Poor Joan Castleman. Is she another downtrodden female writer? Not a bit of it. She’s not only content to be his ghostwriter, but flashbacks reveal that she had wanted to write his books. It was her idea from the get-go. He thinks he is seducing her; but in reality it is she who has been seducing him, catering to his ambitions for the success, fame, and privilege of a successful writer. She is no victim. This is her choice. Who is guiltier of hoaxing the public, he or she? As for that celebrated Glenn Close Enigmatic Smile, is this the expression of a wronged wife or a crafty manipulator? And yet, at the end, we’re supposed to believe that she has HATED this all along. Please.

I realize this is probably a subversive reading that I’m offering here, one that is completely counter to the movie’s putative commentary on The Wronged Woman. . . but that’s my take and I’m sticking to it.

Meanwhile, what about the Castleman books? What do we know about them? Why the Nobel Prize? According to the speech at the Nobel ceremony, Castleman’s books have “changed the course of literature.” Whatever that means. Too bad such superlatives don’t describe this script.

We can’t forget another character who shows up at the proceedings. He’s a trash journalist, a ruthless opportunist who wants to write the tell-all expose of the Castleman’s chicanery. Christian Slater is perfectly cast and perfectly hateful. He’s right where he belongs. He and the Castlemans deserve each other. His dialogues with Mrs. Castleman demonstrate only that she’s a greater fake than he is.
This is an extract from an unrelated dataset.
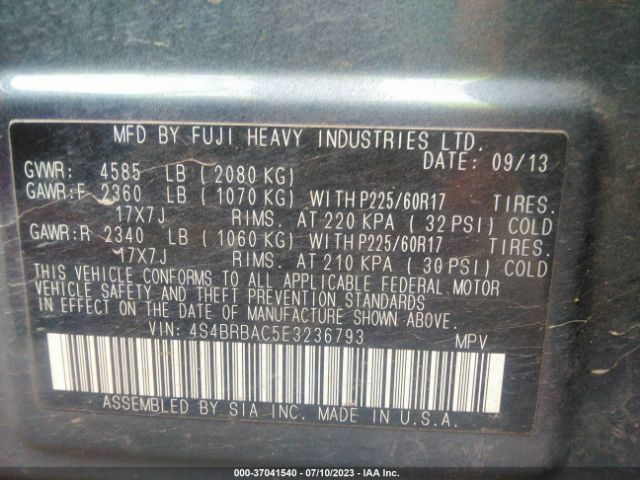 4S4BRBAC5E3236793 Subaru Outback 2.5i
Lastly, there is one more tag-along character in this wearisome parade. And that is Castleman’s son, a budding writer, God help him. He wears a perpetually surly expression and wrings his hands because Daddy won’t praise his own pitiful stories. Does he know that the best example Daddy can provide him is how to find a beautiful graduate student who will do the writing for him? As for the nut-cracking, he is on his own.